Territoires et population concernés par l’étude EPICE
L’oblast de Bryansk, en Russie, est situé au nord-est de la centrale nucléaire de Tchernobyl. Une partie de ses territoires a été contaminée par des dépôts en césium 137 suite à l’accident. L’étude EPICE a porté sur le dépistage systématique des arythmies cardiaques sur près de 18 000 enfants âgés de 2 à 18 ans vivant dans les territoires contaminés (dépôt en 137CS > 37 KBq/m²) et non contaminés de l’Oblast.
© UNSCEAR - Concentration des dépôts en césium 137
Etude EPICE : Enfants inclus dans l'analyse
Après une phase pilote s’assurant de la faisabilité du projet et des conditions de mise en œuvre d’une étude épidémiologique sur une population de plusieurs milliers d’enfants, le second volet du programme EPICE, axé sur les arythmies cardiaques, a démarré en mai 2009, en partenariat avec le Centre de diagnostic clinique de Bryansk (Russie).
Cette étude transversale avait pour vocation de déterminer la prévalence des arythmies cardiaques (en fonction de la contamination du territoire et de la charge corporelle en césium 137 de la population d’étude) dans la région de Bryansk située au sud-ouest de la Russie et à proximité des frontières ukrainiennes et biélorusses, et d’évaluer si le césium 137 constituait ou non un facteur associé à l’apparition des arythmies cardiaques.
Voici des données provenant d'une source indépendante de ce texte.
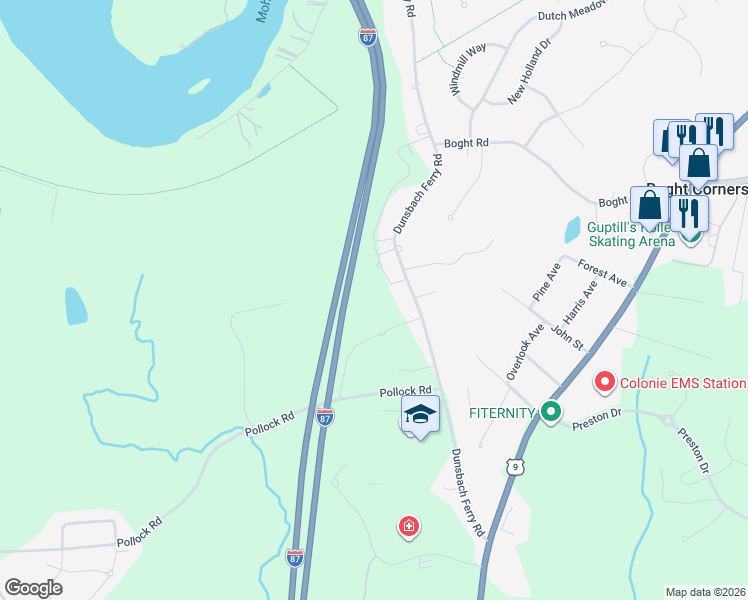 map of restaurants, bars, coffee shops, grocery stores, and more near 80 Dunsbach Ferry Road in Cohoes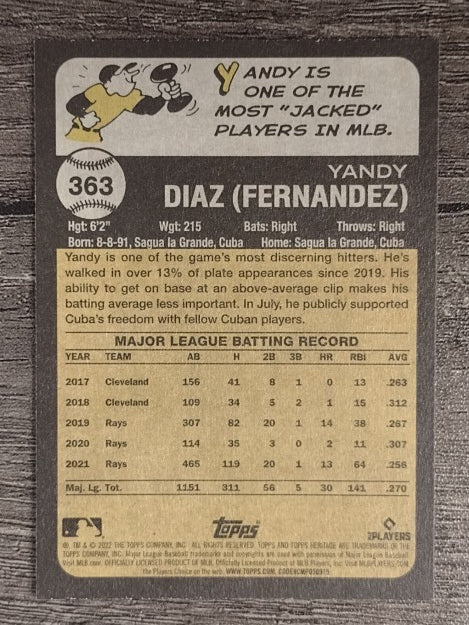 2022 Topps Heritage #363 Yandy Diaz
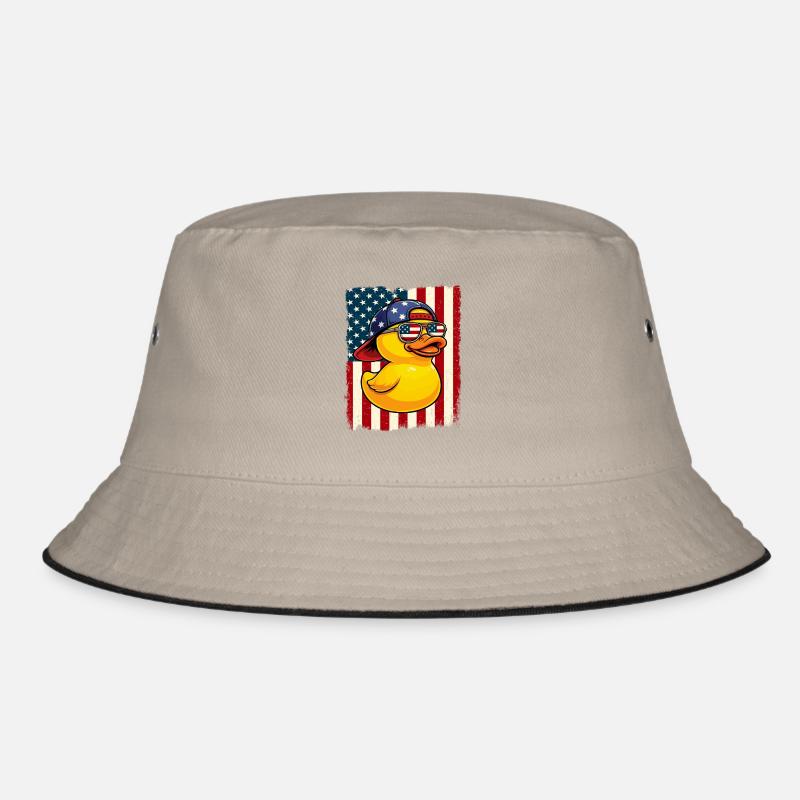 Rubber Duck US Flag Patriotic Duck Lover Bucket Hat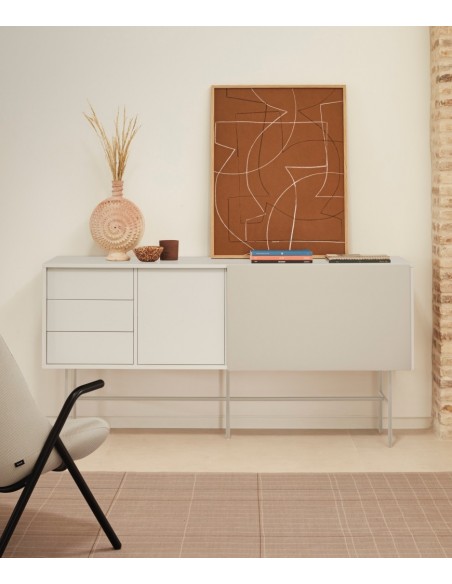 Aparador Teulat NUBE 180 x 45, MDF lacado cor creme e areia.
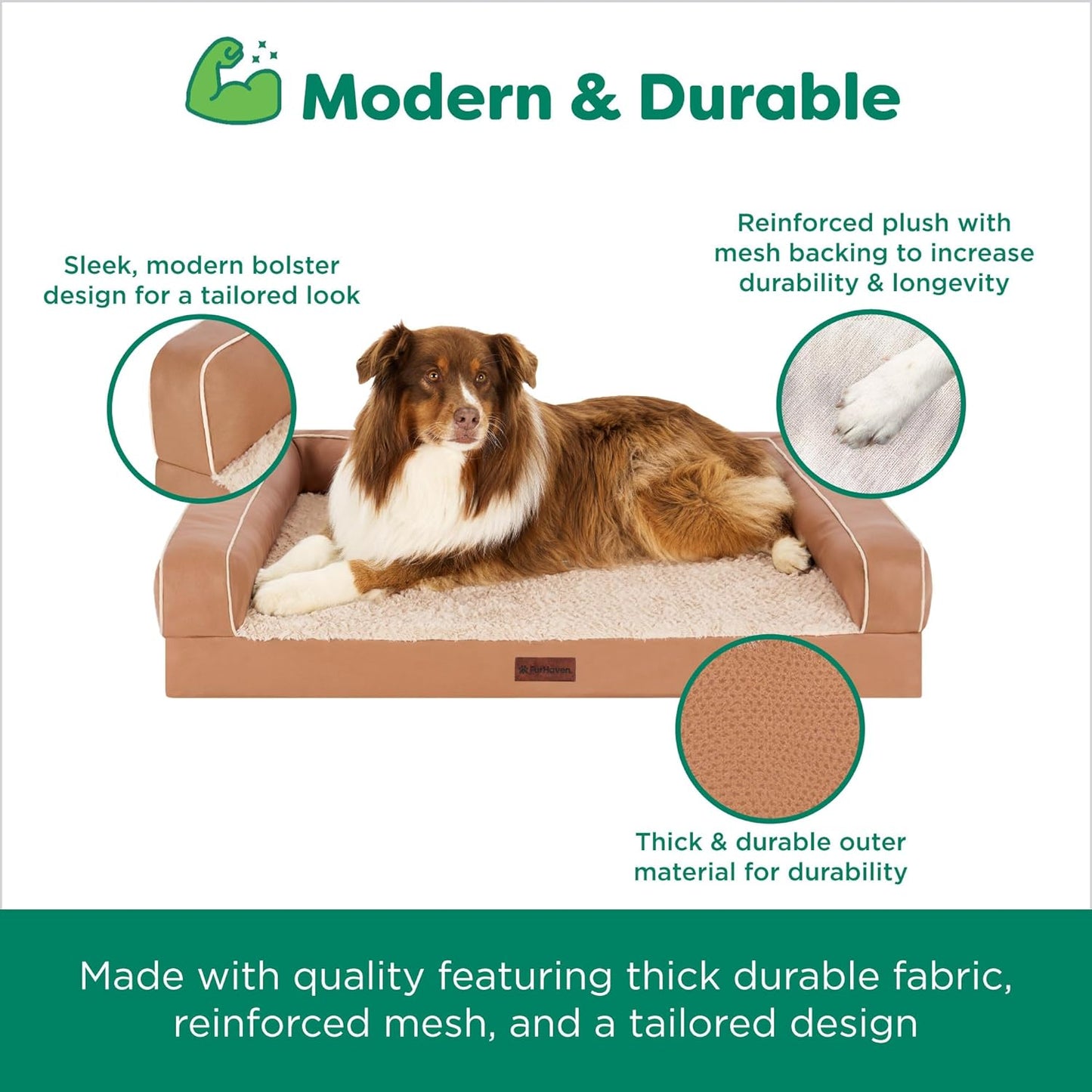 FurHaven Textured Plush & Coated Polyester Solid Core Modern Sofa Pet Bed, Camel, Medium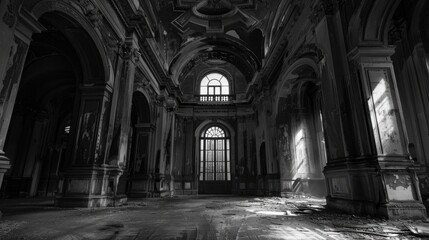 Obraz premium Exploring abandoned palace with neoclassical architecture in black and white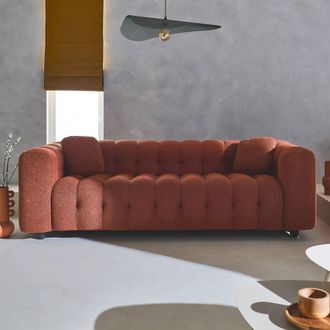 Sweeek 3-seater Sofa Upholstered In Textured Boucle Fabric in Terracotta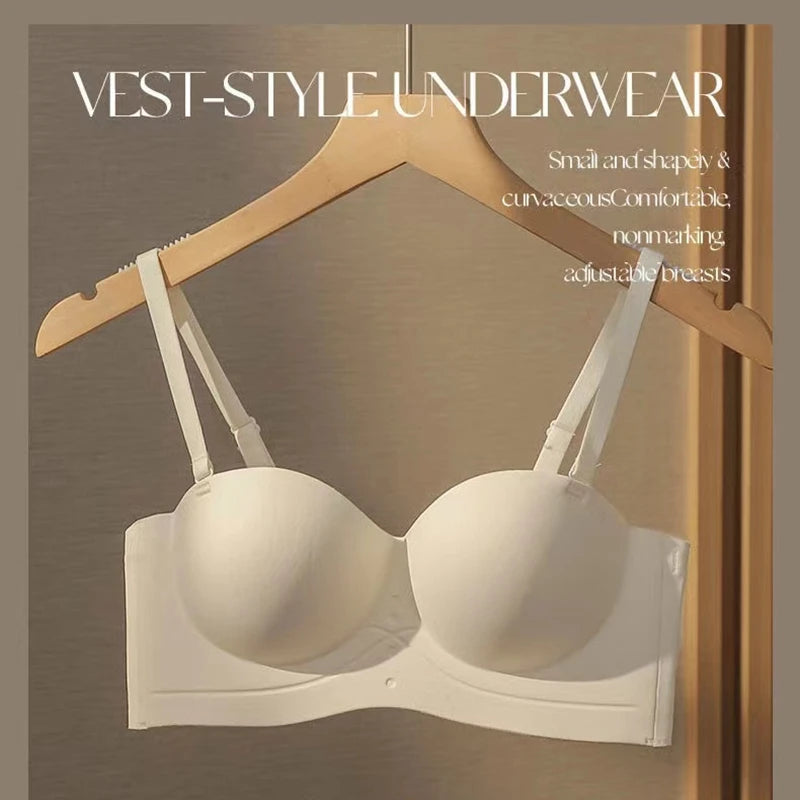 Women's Bra  Half Cup Push Up Small Breasts Show Bigger Side Breasts Seamless Sling Bra No Wires Sexy Sling Bra RT220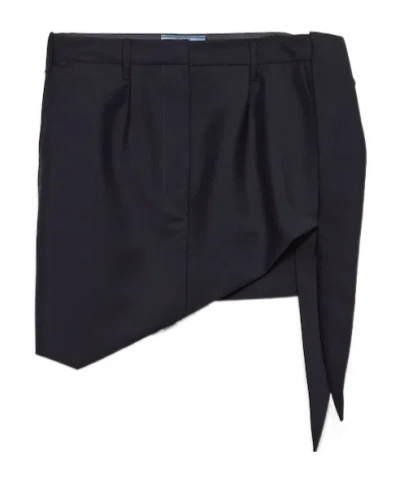 Prada Minigonna In Misto Mohair Blu Notte  Donna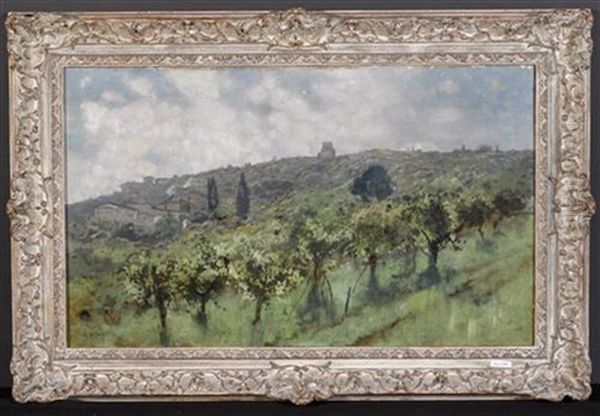 Mediterrane Landschaft Mit Hausern Oil Painting by Karl Heffner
Pour répondre à ces interrogations, une campagne de mesure a été conduite pendant quatre ans sur 18 152 enfants âgés de 2 à 18 ans. Elle a consisté en la réalisation systématique d’un électrocardiogramme, d’une échographie cardiaque et d’une mesure de l’activité corporelle en césium 137 pour toute la population de l’étude. Par ailleurs, certains enfants ont bénéficié également d’un enregistrement sur 24 heures des paramètres électriques cardiaques (Holter) ainsi que d’un bilan biologique des principaux marqueurs cardiaques plasmatiques.
Premiers résultats
L’ensemble de ces examens a permis de diagnostiquer 2 526 enfants atteints d’arythmie cardiaque. Après une analyse statistique approfondie des données collectées sur le terrain, sur la période 2009-2013, la prévalence des arythmies cardiaques estimée dans les territoires contaminés est significativement plus faible que dans les territoires non contaminés. S’agissant de la charge corporelle en césium 137, aucune association n’a pu être mise en évidence. Le césium 137 ne constitue donc pas un facteur associé à l’observation d’arythmie cardiaque dans le cadre de l’étude EPICE.
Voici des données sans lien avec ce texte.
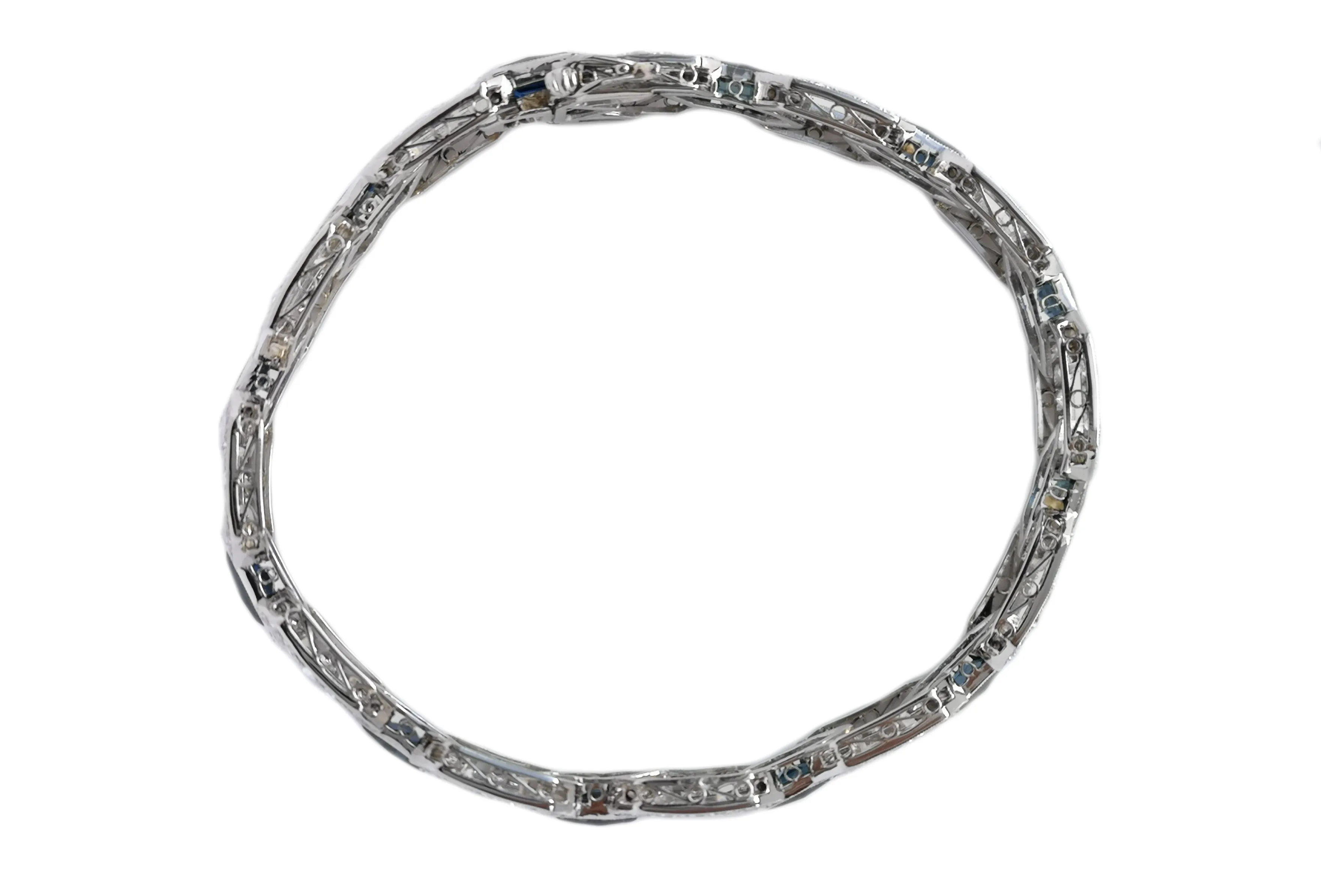 Art Deco Style Old Cut 3.84ct Diamond 6ct Sapphire Platinum Bracelet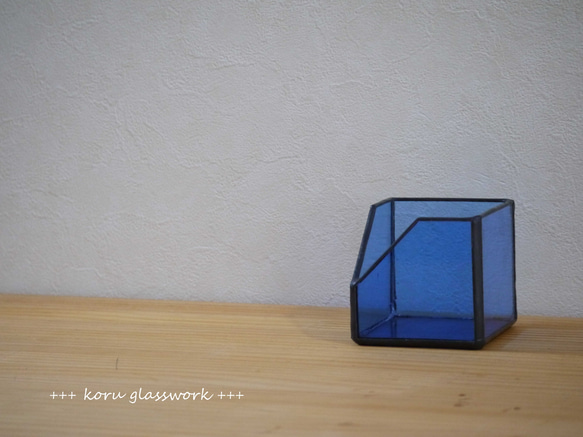 ステンドグラス　box　blue 1枚目の画像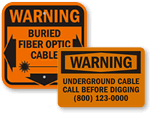Buried Fiber Optic Cable Signs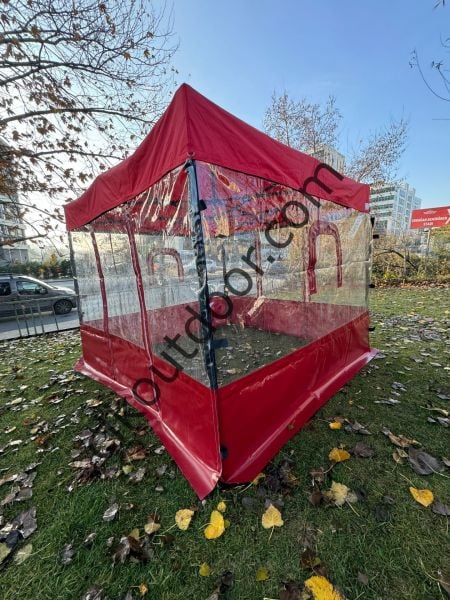 CLK 3x3 40 mm Profil Kış Bahçesi Karavan Çadırı Şeffaf Brandalı Gazebo Katlanır Çadır Portatif Tente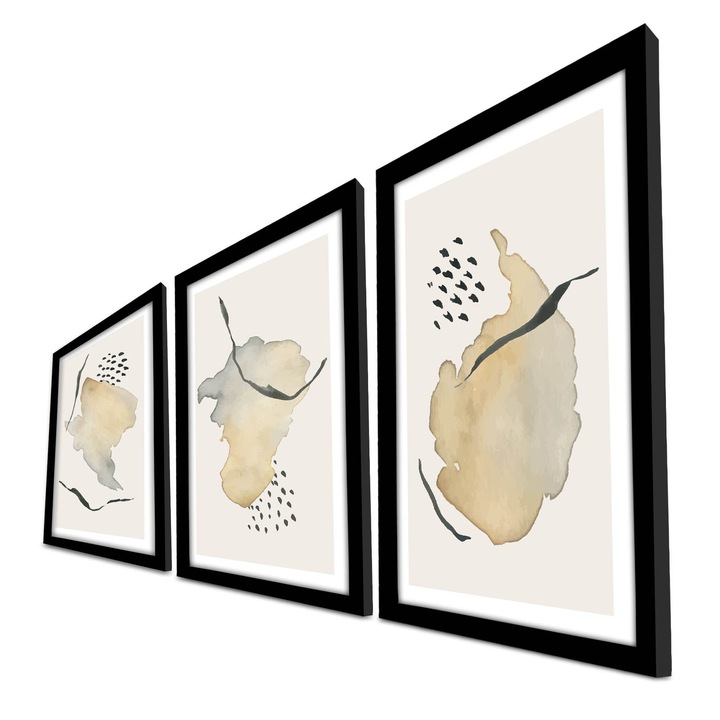 MDF-ből készült, keretezett díszfestmény (3 darabos készlet), Wallity, 38x53cm, 100% fa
Taux d’arythmie cardiaque dans l’oblast de Bryansk (2009-2013) : La prévalence des arythmies cardiaques estimée dans les territoires contaminés chez des enfants de 2 à 18 ans est significativement plus faible que dans les territoires non contaminés.
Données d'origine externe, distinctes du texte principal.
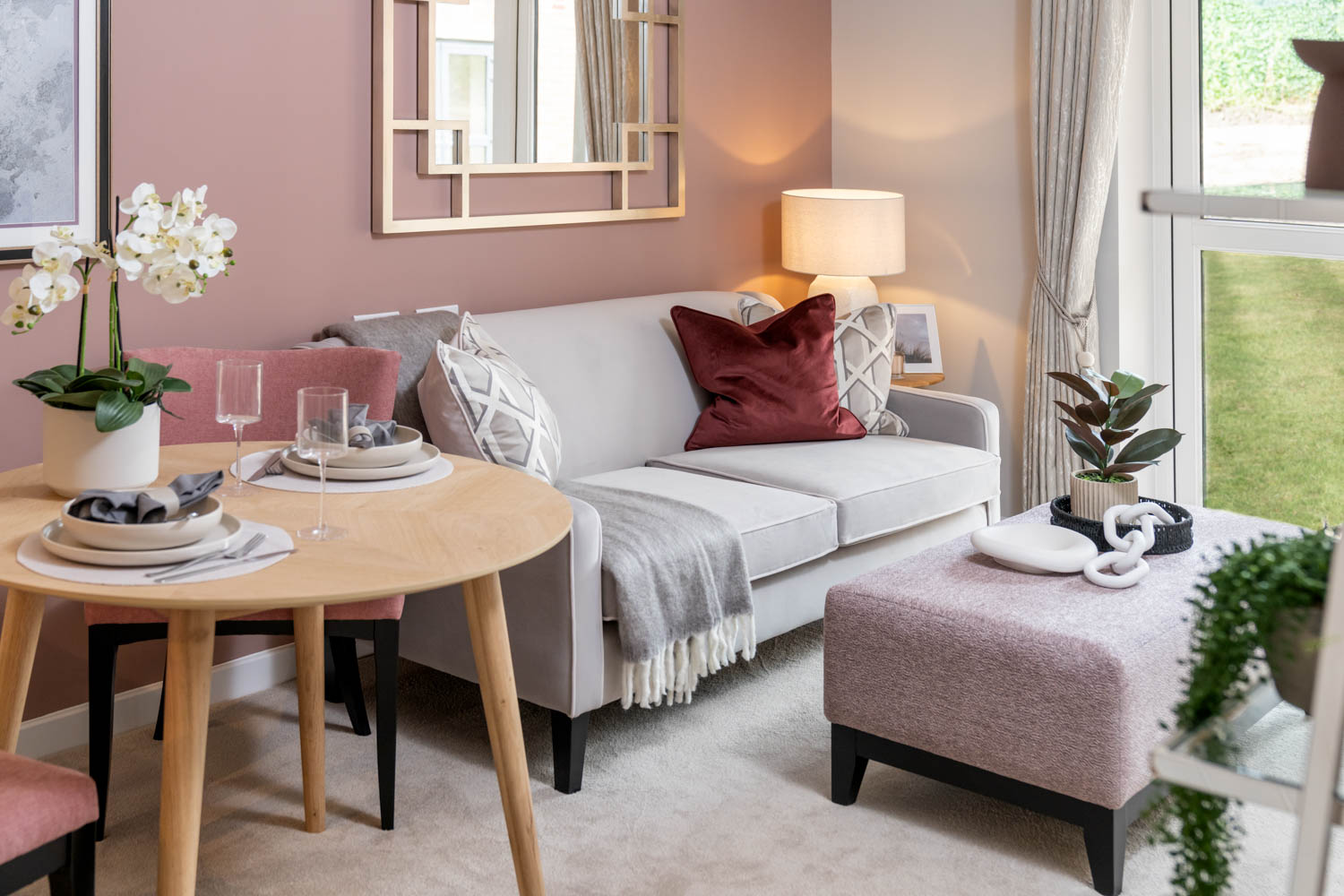 a living room with a couch and a table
Taux d’arythmie cardiaque dans l’oblast de Bryansk selon la charge corporelle en césium 137 (2009-2013) : La prévalence des arythmies cardiaques ne diffère pas significativement entre les enfants contaminés et les enfants dont la contamination en césium 137 est non détectable.
Cette étude épidémiologique, unique de par son ampleur et la quantité des données recueillies, apporte ainsi des éléments de réponse particulièrement bien documentés quant aux effets non cancéreux radio-induits chez les enfants vivants sur les territoires russes contaminés par les retombées de l’accident de Tchernobyl, thématique faisant débat depuis de nombreuses années.
Cet article, publié dans BMJ Open, la version en accès libre de la prestigieuse revue The British Medical Journal, est le premier d’une série de plusieurs publications à venir qui rendront publics les autres enseignements tirés du programme EPICE, dont notamment les conclusions suite au dépistage à grande échelle des opacités du cristallin dans un groupe similaire d'enfants vivants dans la même région de Russie.